Membuat wadah di mana sesama anak muda belajar dan bersolidaritas ini penting. Alexandra Aulianta, Renewable Energy Campaigner Trend Asia menjelaskan, isu lingkungan dan krisis iklim dipandang kompleks, sehingga perubahan kecil takkan berarti apa-apa.
“Kita pingin memberikan pemahaman bahwa kalian itu bisa berkontribusi banyak. Bahkan tindakan-tindakan kecil itu bagian dari kontribusi besar karena ini kerja-kerja kolektif,” jelasnya.
Tak kalah penting, Wibu4Planet paham bagaimana anime banyak mengangkat permasalahan-permasalahan struktural. Contohnya, film-film Ghibli yang mengangkat isu kerusakan lingkungan, Dr. Stone mengangkat isu sains dan energi berkelanjutan, atau One Piece yang membahas perusakan lingkungan akibat industri ekstraktif.
Baca juga: #KerenTanpaNyampah, The Body Shop® Komitmen Selamatkan Jutaan Botol Bekas
Dengan menggunakan tema isekai (plot di mana tokoh utama cerita terlempar ke dimensi lain), anime-anime ini kemudian mereka gunakan sebagai medium kampanye. Wibu4Planet biasanya akan menghubungkan itu dengan situasidi Indonesia. Berkolaborasi dengan seniman lokal, Wibu4Planet membuat doujinshi dari anime-anime tersebut. Tentu saja tetap dikaitkan dengan temuan lapangan Trend Asia yang relevan.

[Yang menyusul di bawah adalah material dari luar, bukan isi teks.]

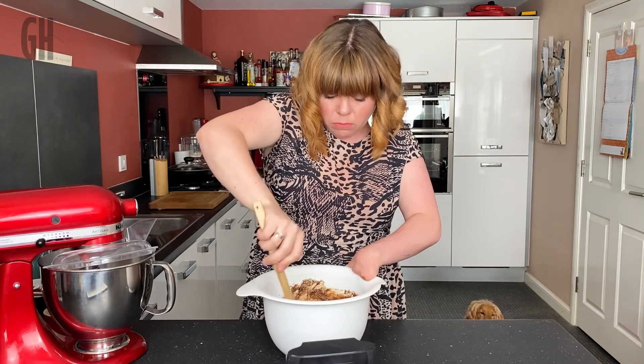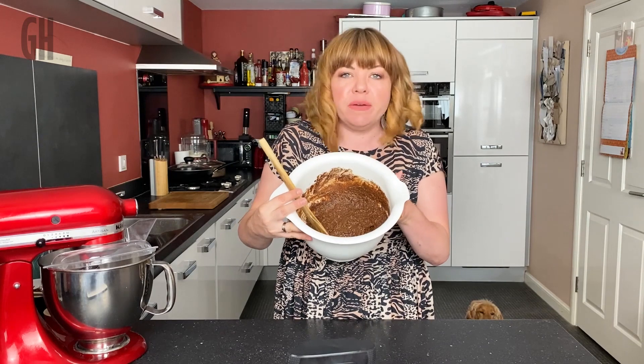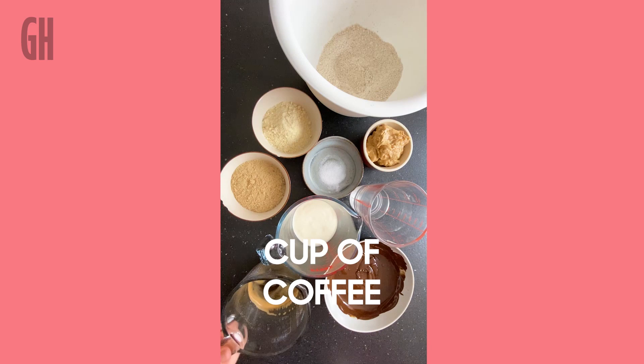Now we've got this brownie mixture texture, we're going to add some boiling water mixed with coffee. You won't get a coffee flavour in the brownie — what it does is bring out the chocolate flavour and makes the brownie really squidgy and fudgy. Pour that in.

Salah satunya, doujinshi Dr. Stone yang dibuat bersama seniman lokal. Itu berangkat dari polusi laut dan udara yang disebabkan PLTU Cirebon 1 dan Cirebon 2. Lewat kisah petualangan Senku bersama Nekobu di Cirebon yang dikelilingi dua PLTU Batubara, pembaca diajak melihat dampak dan solusi yang bisa ditawarkan. Senku digambarkan mampu merakit teknologi modern saat dunia kembali ke zaman batu. Ia menjadi sosok yang membantu warga Cirebon membangun PLTS sebagai sumber energi bersih – energi yang bila digunakan akan menghasilkan sedikit atau tidak menghasilkan emisi gas rumah kaca- yang menggantikan energi kotor dari PLTU batubara itu.

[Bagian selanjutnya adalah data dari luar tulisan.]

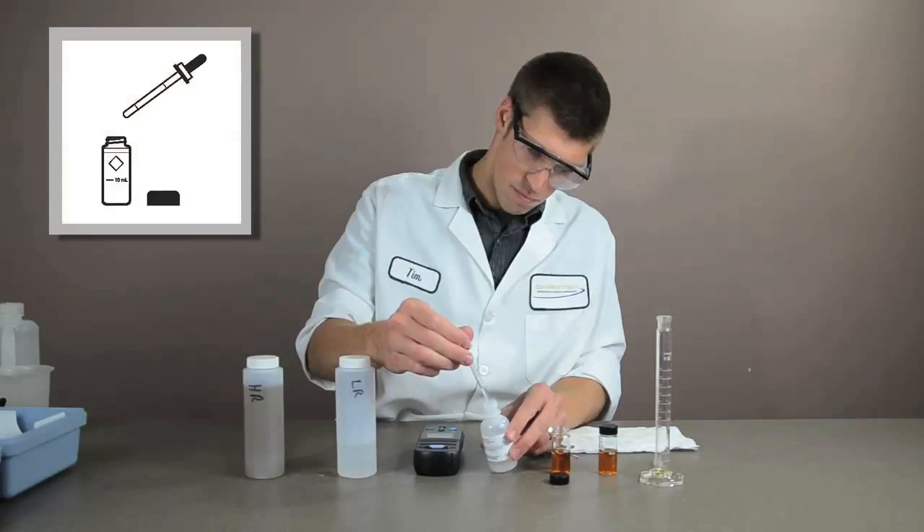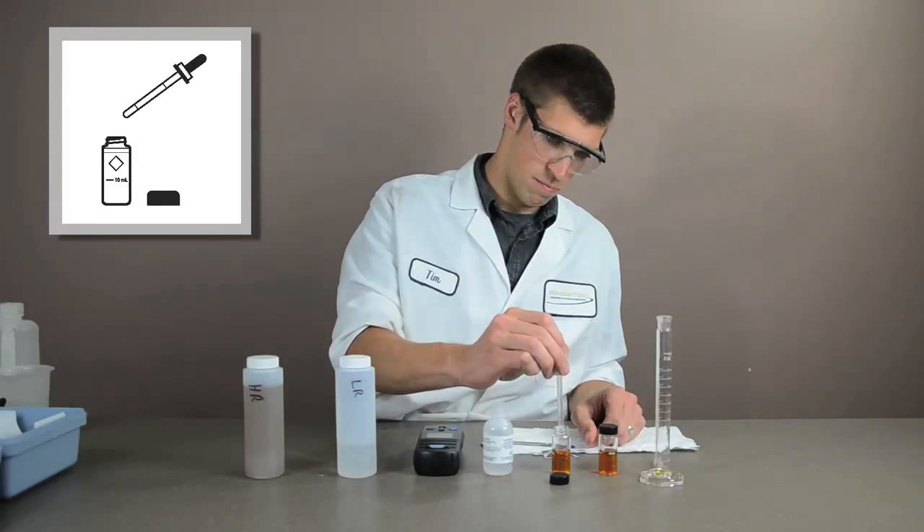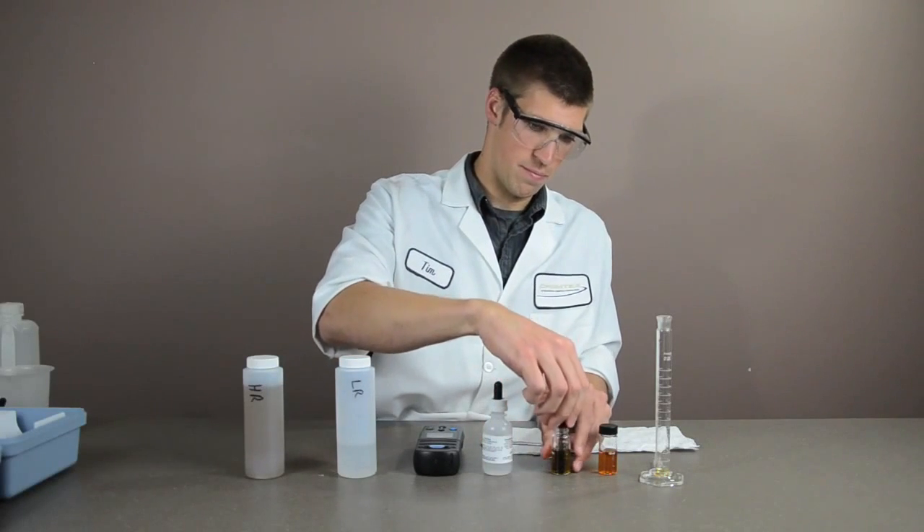Using the calibrated dropper, add 0.5 milliliters of molybdenum 2 to the sample. Cap the cell and swirl to mix.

“Kita bikin komik (doujinshi) ini agar isu lingkungan, krisis iklim jadi hal yang relevan bukan suatu isu yang kompleks dan berat karena dampaknya kira rasakan sehari-hari. Dengan membuat isu ini relevan, harapannya mereka (komunitas wibu) bisa lebih kritis, bisa mulai mempercakapkan isu ini dan menyerukan kontribusi Jepang terhadap kerusakan lingkungan dan krisis iklim di Indonesia,” ucap Alexandra.